Give back the entire listing that follows, exactly.

Data provided
*** Block opens ***

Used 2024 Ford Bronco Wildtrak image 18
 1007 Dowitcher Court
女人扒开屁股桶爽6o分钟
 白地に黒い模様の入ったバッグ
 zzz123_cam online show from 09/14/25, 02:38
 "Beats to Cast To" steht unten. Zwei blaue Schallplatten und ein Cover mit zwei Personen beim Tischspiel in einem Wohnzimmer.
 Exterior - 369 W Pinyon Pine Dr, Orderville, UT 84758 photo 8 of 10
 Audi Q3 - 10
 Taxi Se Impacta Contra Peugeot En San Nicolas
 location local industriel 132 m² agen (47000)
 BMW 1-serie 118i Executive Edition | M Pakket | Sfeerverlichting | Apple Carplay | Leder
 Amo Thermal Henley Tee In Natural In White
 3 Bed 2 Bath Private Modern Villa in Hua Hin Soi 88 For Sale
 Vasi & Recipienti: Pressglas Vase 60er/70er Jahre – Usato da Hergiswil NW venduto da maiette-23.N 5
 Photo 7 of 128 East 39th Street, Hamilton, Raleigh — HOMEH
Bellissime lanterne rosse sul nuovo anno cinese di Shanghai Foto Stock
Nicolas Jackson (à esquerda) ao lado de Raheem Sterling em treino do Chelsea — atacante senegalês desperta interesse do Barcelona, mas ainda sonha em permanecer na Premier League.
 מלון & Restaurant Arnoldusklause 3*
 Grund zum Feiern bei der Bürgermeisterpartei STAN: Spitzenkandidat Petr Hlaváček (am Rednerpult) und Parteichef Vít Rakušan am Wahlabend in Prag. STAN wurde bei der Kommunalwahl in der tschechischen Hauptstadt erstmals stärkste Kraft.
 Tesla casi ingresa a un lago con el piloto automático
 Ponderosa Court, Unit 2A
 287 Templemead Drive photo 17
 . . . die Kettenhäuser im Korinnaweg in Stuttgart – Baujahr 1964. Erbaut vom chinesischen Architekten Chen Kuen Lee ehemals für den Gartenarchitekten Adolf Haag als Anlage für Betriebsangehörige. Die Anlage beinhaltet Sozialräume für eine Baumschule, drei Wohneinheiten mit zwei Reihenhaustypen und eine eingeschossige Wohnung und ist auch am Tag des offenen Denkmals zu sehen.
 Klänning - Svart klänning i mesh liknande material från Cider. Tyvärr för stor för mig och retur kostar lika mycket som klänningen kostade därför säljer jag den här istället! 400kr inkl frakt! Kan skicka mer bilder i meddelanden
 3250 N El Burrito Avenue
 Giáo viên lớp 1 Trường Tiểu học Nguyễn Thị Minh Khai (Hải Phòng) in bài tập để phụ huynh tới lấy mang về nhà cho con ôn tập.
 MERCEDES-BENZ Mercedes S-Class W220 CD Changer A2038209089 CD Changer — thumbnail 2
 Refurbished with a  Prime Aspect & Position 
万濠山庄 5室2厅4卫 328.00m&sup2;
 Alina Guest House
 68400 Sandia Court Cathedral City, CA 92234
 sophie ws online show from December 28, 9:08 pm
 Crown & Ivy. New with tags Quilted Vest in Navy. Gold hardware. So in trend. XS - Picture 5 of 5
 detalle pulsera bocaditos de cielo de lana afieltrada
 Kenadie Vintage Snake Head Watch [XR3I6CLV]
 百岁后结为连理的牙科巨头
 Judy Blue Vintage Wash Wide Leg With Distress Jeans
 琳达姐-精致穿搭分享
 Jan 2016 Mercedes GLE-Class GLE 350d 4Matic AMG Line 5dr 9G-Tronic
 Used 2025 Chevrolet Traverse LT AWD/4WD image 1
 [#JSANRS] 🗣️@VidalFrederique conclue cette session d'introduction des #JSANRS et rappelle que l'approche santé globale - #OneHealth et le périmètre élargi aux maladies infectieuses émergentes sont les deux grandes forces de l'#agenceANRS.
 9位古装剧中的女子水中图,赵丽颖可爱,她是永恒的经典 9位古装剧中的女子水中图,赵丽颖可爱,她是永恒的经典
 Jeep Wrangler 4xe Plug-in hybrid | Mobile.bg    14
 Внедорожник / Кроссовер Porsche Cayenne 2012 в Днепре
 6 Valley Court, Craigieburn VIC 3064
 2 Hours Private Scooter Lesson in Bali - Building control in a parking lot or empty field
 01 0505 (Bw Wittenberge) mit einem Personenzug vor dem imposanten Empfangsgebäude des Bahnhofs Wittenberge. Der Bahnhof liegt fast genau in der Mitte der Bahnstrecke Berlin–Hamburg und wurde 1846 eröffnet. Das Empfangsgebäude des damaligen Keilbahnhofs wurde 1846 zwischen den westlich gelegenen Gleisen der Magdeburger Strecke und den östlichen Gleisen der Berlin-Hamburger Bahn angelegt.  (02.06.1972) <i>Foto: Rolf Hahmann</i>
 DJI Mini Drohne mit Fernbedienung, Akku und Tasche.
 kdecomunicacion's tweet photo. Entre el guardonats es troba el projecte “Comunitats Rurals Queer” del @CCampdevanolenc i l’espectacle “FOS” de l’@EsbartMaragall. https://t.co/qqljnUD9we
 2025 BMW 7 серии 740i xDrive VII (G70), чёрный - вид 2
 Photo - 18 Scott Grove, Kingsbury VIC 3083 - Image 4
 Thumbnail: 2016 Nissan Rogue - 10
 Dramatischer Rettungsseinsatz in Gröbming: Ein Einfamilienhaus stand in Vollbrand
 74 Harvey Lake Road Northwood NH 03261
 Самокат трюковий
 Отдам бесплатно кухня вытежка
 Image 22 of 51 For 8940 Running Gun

*** Block closes ***

Finished exercise
Used 2024 Ford Bronco Wildtrak image 18
 1007 Dowitcher Court
女人扒开屁股桶爽6o分钟
 白地に黒い模様の入ったバッグ
 zzz123_cam online show from 09/14/25, 02:38
 "Beats to Cast To" steht unten. Zwei blaue Schallplatten und ein Cover mit zwei Personen beim Tischspiel in einem Wohnzimmer.
 Exterior - 369 W Pinyon Pine Dr, Orderville, UT 84758 photo 8 of 10
 Audi Q3 - 10
 Taxi Se Impacta Contra Peugeot En San Nicolas
 location local industriel 132 m² agen (47000)
 BMW 1-serie 118i Executive Edition | M Pakket | Sfeerverlichting | Apple Carplay | Leder
 Amo Thermal Henley Tee In Natural In White
 3 Bed 2 Bath Private Modern Villa in Hua Hin Soi 88 For Sale
 Vasi & Recipienti: Pressglas Vase 60er/70er Jahre – Usato da Hergiswil NW venduto da maiette-23.N 5
 Photo 7 of 128 East 39th Street, Hamilton, Raleigh — HOMEH
Bellissime lanterne rosse sul nuovo anno cinese di Shanghai Foto Stock
Nicolas Jackson (à esquerda) ao lado de Raheem Sterling em treino do Chelsea — atacante senegalês desperta interesse do Barcelona, mas ainda sonha em permanecer na Premier League.
 מלון & Restaurant Arnoldusklause 3*
 Grund zum Feiern bei der Bürgermeisterpartei STAN: Spitzenkandidat Petr Hlaváček (am Rednerpult) und Parteichef Vít Rakušan am Wahlabend in Prag. STAN wurde bei der Kommunalwahl in der tschechischen Hauptstadt erstmals stärkste Kraft.
 Tesla casi ingresa a un lago con el piloto automático
 Ponderosa Court, Unit 2A
 287 Templemead Drive photo 17
 . . . die Kettenhäuser im Korinnaweg in Stuttgart – Baujahr 1964. Erbaut vom chinesischen Architekten Chen Kuen Lee ehemals für den Gartenarchitekten Adolf Haag als Anlage für Betriebsangehörige. Die Anlage beinhaltet Sozialräume für eine Baumschule, drei Wohneinheiten mit zwei Reihenhaustypen und eine eingeschossige Wohnung und ist auch am Tag des offenen Denkmals zu sehen.
 Klänning - Svart klänning i mesh liknande material från Cider. Tyvärr för stor för mig och retur kostar lika mycket som klänningen kostade därför säljer jag den här istället! 400kr inkl frakt! Kan skicka mer bilder i meddelanden
 3250 N El Burrito Avenue
 Giáo viên lớp 1 Trường Tiểu học Nguyễn Thị Minh Khai (Hải Phòng) in bài tập để phụ huynh tới lấy mang về nhà cho con ôn tập.
 MERCEDES-BENZ Mercedes S-Class W220 CD Changer A2038209089 CD Changer — thumbnail 2
 Refurbished with a  Prime Aspect & Position 
万濠山庄 5室2厅4卫 328.00m&sup2;
 Alina Guest House
 68400 Sandia Court Cathedral City, CA 92234
 sophie ws online show from December 28, 9:08 pm
 Crown & Ivy. New with tags Quilted Vest in Navy. Gold hardware. So in trend. XS - Picture 5 of 5
 detalle pulsera bocaditos de cielo de lana afieltrada
 Kenadie Vintage Snake Head Watch [XR3I6CLV]
 百岁后结为连理的牙科巨头
 Judy Blue Vintage Wash Wide Leg With Distress Jeans
 琳达姐-精致穿搭分享
 Jan 2016 Mercedes GLE-Class GLE 350d 4Matic AMG Line 5dr 9G-Tronic
 Used 2025 Chevrolet Traverse LT AWD/4WD image 1
 [#JSANRS] 🗣️@VidalFrederique conclue cette session d'introduction des #JSANRS et rappelle que l'approche santé globale - #OneHealth et le périmètre élargi aux maladies infectieuses émergentes sont les deux grandes forces de l'#agenceANRS.
 9位古装剧中的女子水中图,赵丽颖可爱,她是永恒的经典 9位古装剧中的女子水中图,赵丽颖可爱,她是永恒的经典
 Jeep Wrangler 4xe Plug-in hybrid | Mobile.bg    14
 Внедорожник / Кроссовер Porsche Cayenne 2012 в Днепре
 6 Valley Court, Craigieburn VIC 3064
 2 Hours Private Scooter Lesson in Bali - Building control in a parking lot or empty field
 01 0505 (Bw Wittenberge) mit einem Personenzug vor dem imposanten Empfangsgebäude des Bahnhofs Wittenberge. Der Bahnhof liegt fast genau in der Mitte der Bahnstrecke Berlin–Hamburg und wurde 1846 eröffnet. Das Empfangsgebäude des damaligen Keilbahnhofs wurde 1846 zwischen den westlich gelegenen Gleisen der Magdeburger Strecke und den östlichen Gleisen der Berlin-Hamburger Bahn angelegt.  (02.06.1972) <i>Foto: Rolf Hahmann</i>
 DJI Mini Drohne mit Fernbedienung, Akku und Tasche.
 kdecomunicacion's tweet photo. Entre el guardonats es troba el projecte “Comunitats Rurals Queer” del @CCampdevanolenc i l’espectacle “FOS” de l’@EsbartMaragall. https://t.co/qqljnUD9we
 2025 BMW 7 серии 740i xDrive VII (G70), чёрный - вид 2
 Photo - 18 Scott Grove, Kingsbury VIC 3083 - Image 4
 Thumbnail: 2016 Nissan Rogue - 10
 Dramatischer Rettungsseinsatz in Gröbming: Ein Einfamilienhaus stand in Vollbrand
 74 Harvey Lake Road Northwood NH 03261
 Самокат трюковий
 Отдам бесплатно кухня вытежка
 Image 22 of 51 For 8940 Running Gun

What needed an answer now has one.